Working more overtly with metal and punk imagery, the leatherwork pieces by Santibañez have a relic-like quality to them. They carry both gracefulness and hardness. The visual language of metal band t-shirts and back patches is engraved in monochromatic tooled leather. The primal aura of these works references both the collective in ancient cultures and the pack mentality of contemporary subcultural alliances. 

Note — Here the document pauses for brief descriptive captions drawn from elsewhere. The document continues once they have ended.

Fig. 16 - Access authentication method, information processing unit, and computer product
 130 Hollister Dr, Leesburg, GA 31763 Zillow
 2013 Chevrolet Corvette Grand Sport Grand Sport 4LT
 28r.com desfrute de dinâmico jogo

*“The international of hope. Not the bureaucracy of hope, not the opposite image and, thus, the same as that which annihilates us. Not the power with a new sign or new clothing. A breath like this, the breath of dignity. A flower yes, the flower of hope. A song yes, the song of life.
Dignity is that nation without nationality, that rainbow that is also a bridge, that murmur of the heart no matter what blood lives it, that rebel irreverence that mocks borders, customs and wars.
Hope is that rejection of conformity and defeat.” —EZLN,
 First Declaration of La Realidad for Humanity and against Neoliberalism, 1996

MAD MUSEUM FELLOWSHIP

New York, NY (January 23, 2019)

The Museum of Arts and Design (MAD) is pleased to announce the Winter 2019 session of its Artist Studios program and Artist Fellowship. The selected artists, who will work in MAD's sixth-floor open studios from February 5 through August 4, 2019, are Jamie Boyle, Rachel Grobstein, Anthony Iacono, Tamara Santibañez, Maryam Turkey, Brigitta Varadi, and Chang Yuchen. Santibañez is this cycle's Artist Fellow.